The goal of this assignment is to give you a bit of practice manipulating data, using Bayes' rule, and constructing a naive Bayes classifier.

Data Set

The titanic data set gives the values of four categorical attributes for each of the 2201 people on board the Titanic when it struck an iceberg and sank. The attributes are social class (first class, second class, third class, crew member), age (adult or child), gender, and whether or not the person survived. The titanic data set is available here.

Task 1

Build a probability table indicating P(Death | Gender, Age, Class) for each combination of class, age, and gender. Display this table in the following way:

 

Male

Female

 

Child

Adult

Child

Adult

First

 

 

 

 

Second

 

 

 

 

Third

 

 

 

 

Crew

 

 

 

 

The rows of each table represent the different classes and the columns the different ages and genders. In each cell of the table, insert the conditional probability. Warning: Be alert to the possibility of a cell containing no data.
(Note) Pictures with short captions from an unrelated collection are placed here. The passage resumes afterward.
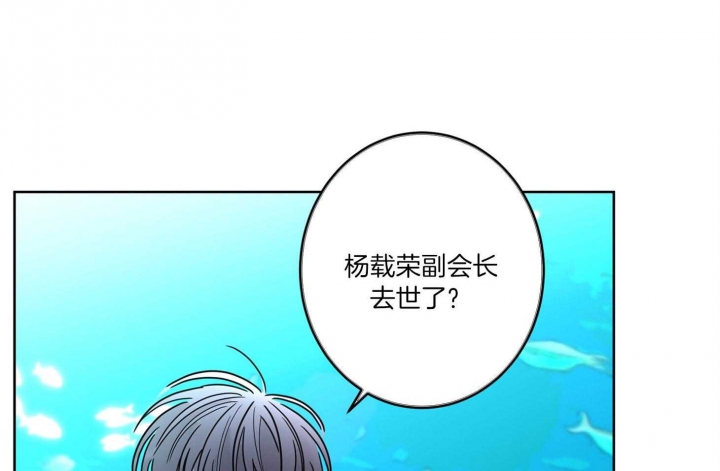 《炒过的豆子会发芽吗(第二季)》第61话 第13页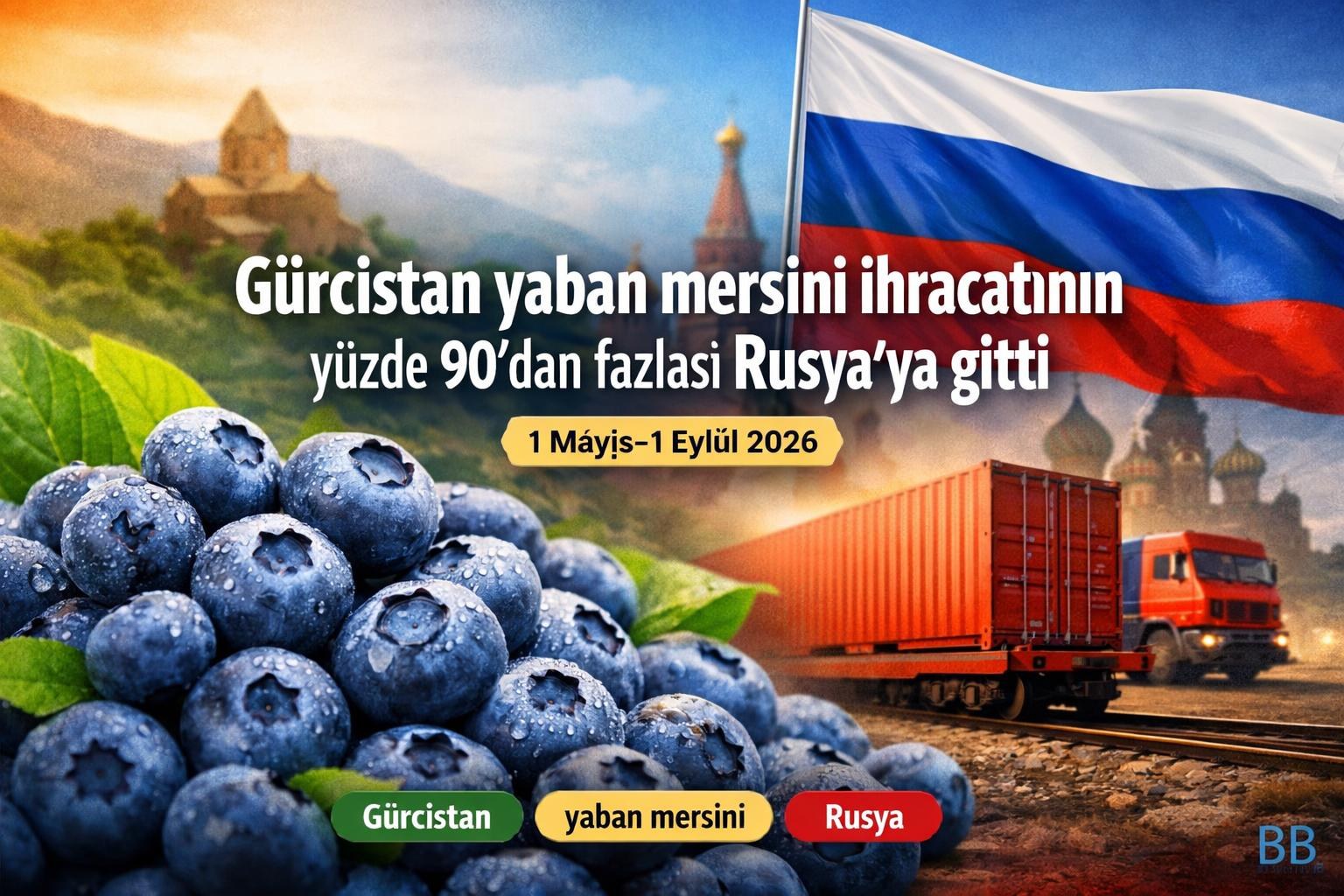 Gürcistan yaban mersini ihracatının yüzde 90'dan fazlası Rusya'ya gitti görseli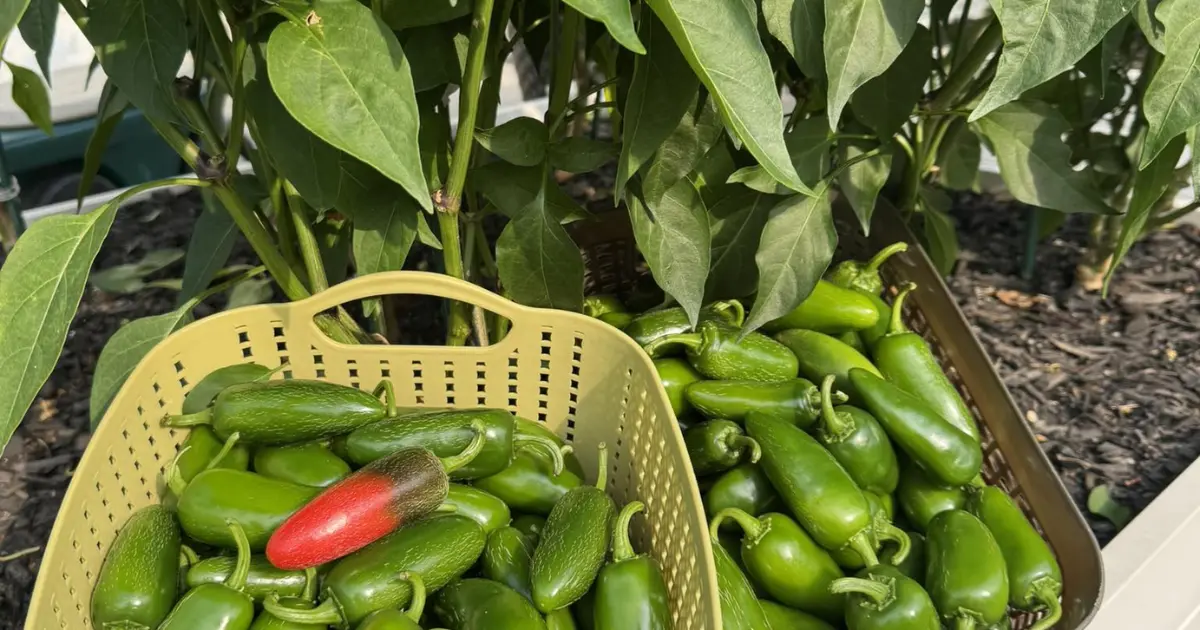 How to Grow Jalapeño Peppers From Seeds: A Step-by-Step Guide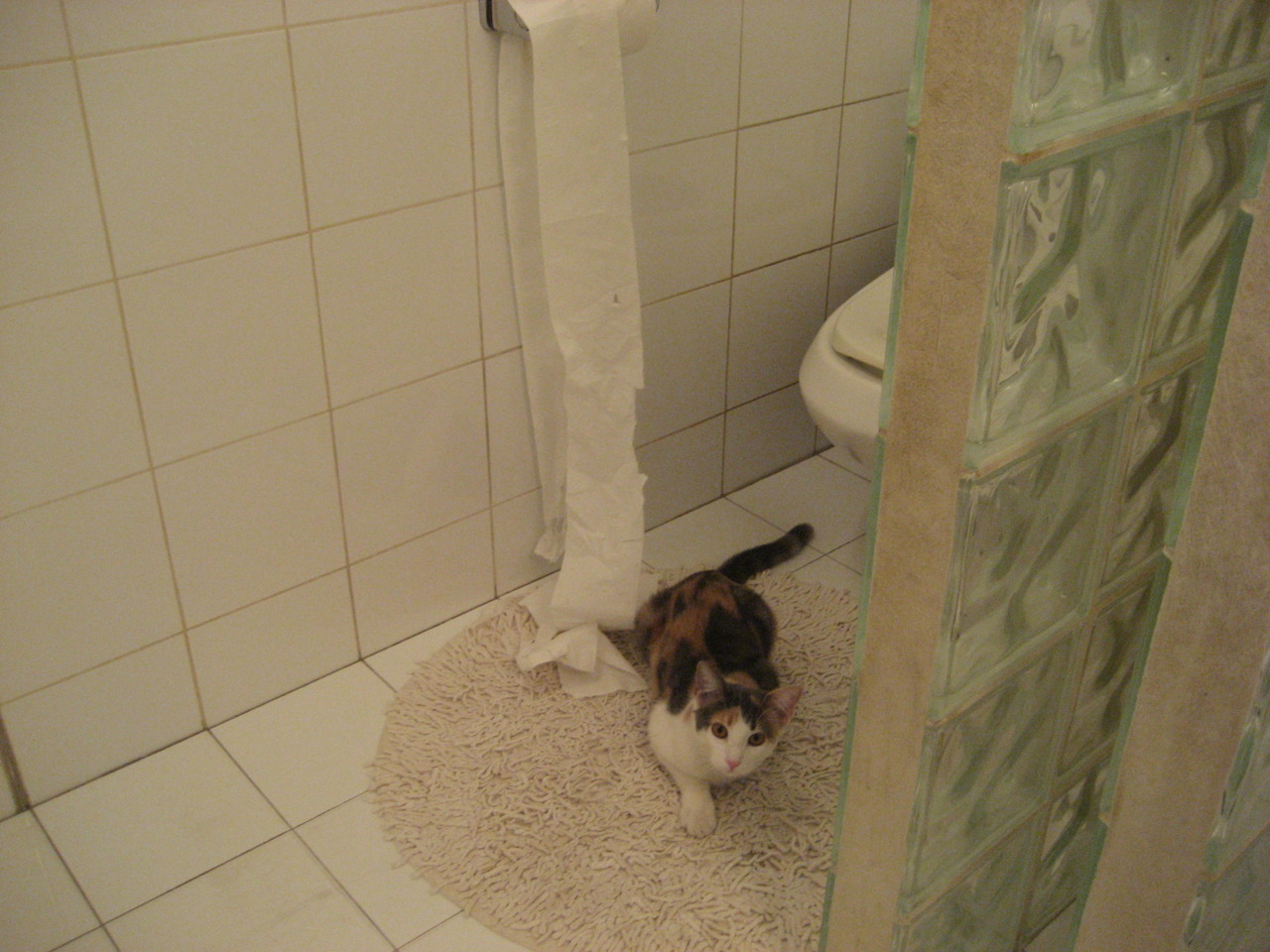 掘金连胜延续至11场,战术执行力被称教科书级,掘金队最新交易信息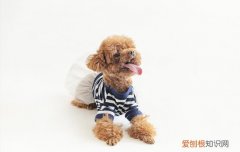 泰迪可以吃杏子吗 泰迪吃杏子会怎么样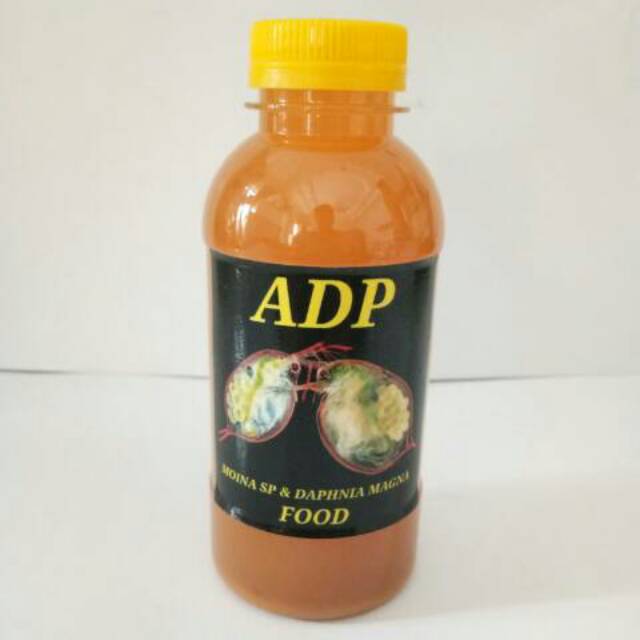 PAKAN KUTU AIR MOINA SP & DAPHNIA MAGNA SP KULTUR AIR BARU DAN BERSIH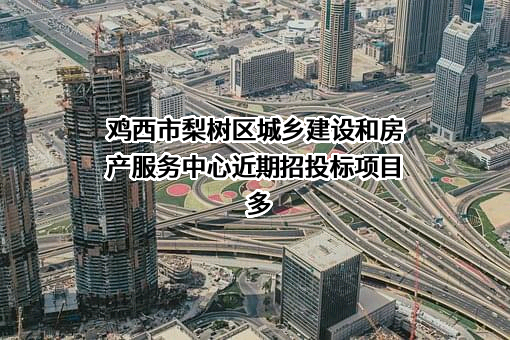 鸡西市梨树区城乡建设和房产服务中心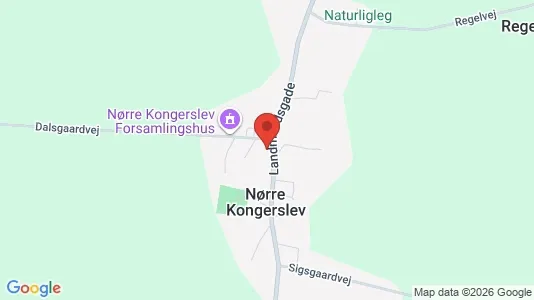 Boligudlejningsejendomme til salg i Kongerslev - kort over placeringen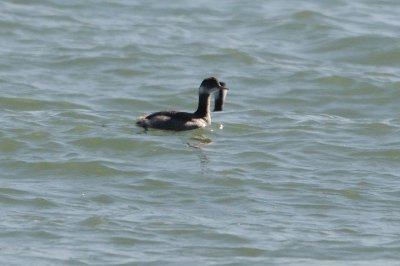 Grebe_Eared HS7_4341.jpg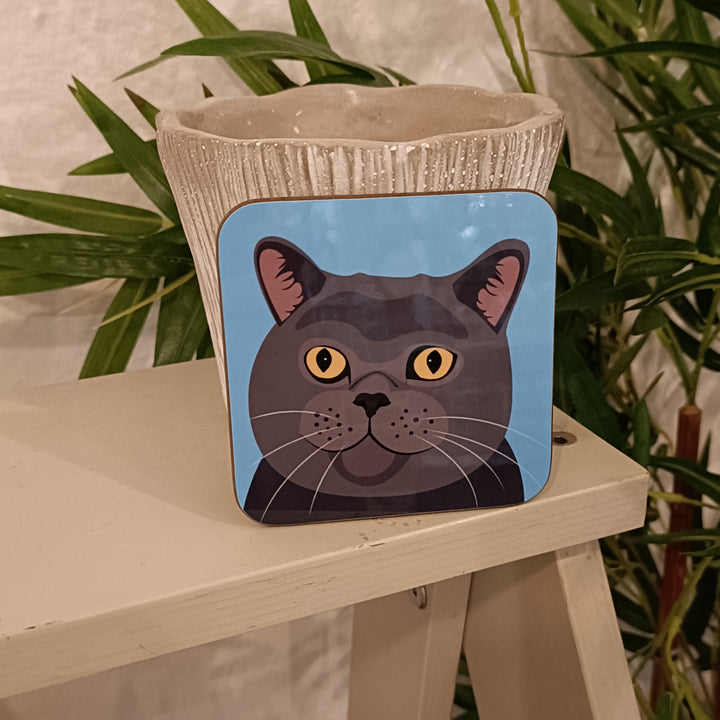Cat Coasters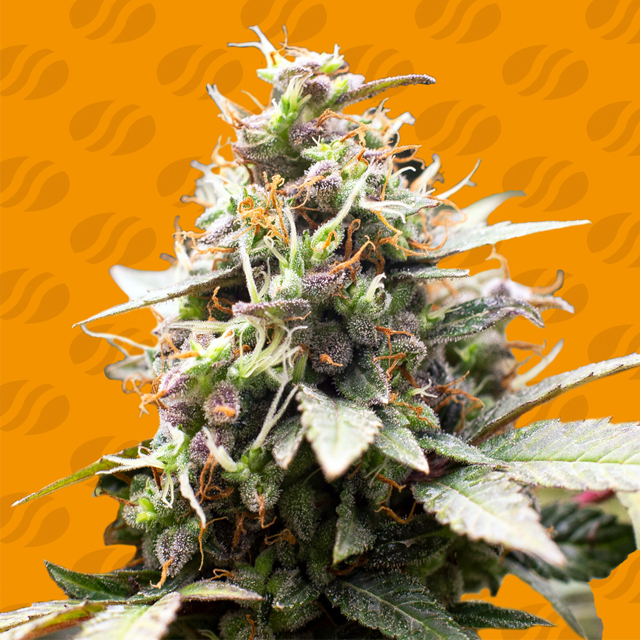 White Raspberry Truffle – Cannoptikum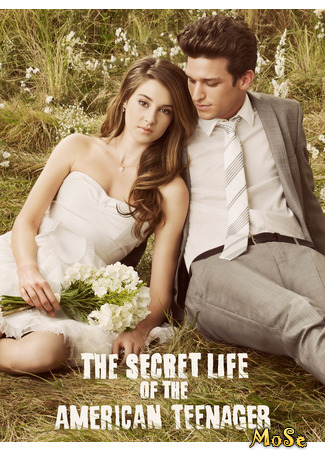 кино Втайне от родителей (The Secret Life of the American Teenager) 04.11.20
After you’ve built the probability table, make a second table, a classification table, which predicts death or survival for each feature combination. If P(Death | Gender, Age, Class) > .5, then label that cell as death; otherwise label that cell as survival.

Task 2

Build a Naive Bayes classifier. To build the classifier, you must first construct six one-dimensional tables: p(Class | Death), p(Age | Death), p(Gender | Death), p(Class | Survive), p(Age | Survive), p(Gender | Survive). To be clear on this notation, for p(Age | Death), your table should have two rows, one for adult and one for child, and you should compute, for each age group, the probability of the deceased being in that age group. Also compute the unconditional probabilities, P(Death) and P(Survival), with P(Death)+P(Survival)=1. From this information, compute P(Death | Gender, Age, Class) using the Naive Bayes assumption. In addition to the probability table, build the classification table as well.

Task 3

Compare the classification tables you built in Tasks 1 and 2.  How well do they match?

Which table would you recommend using for prediction in case of another disaster like the Titanic (assuming it occurred at the same time in history)?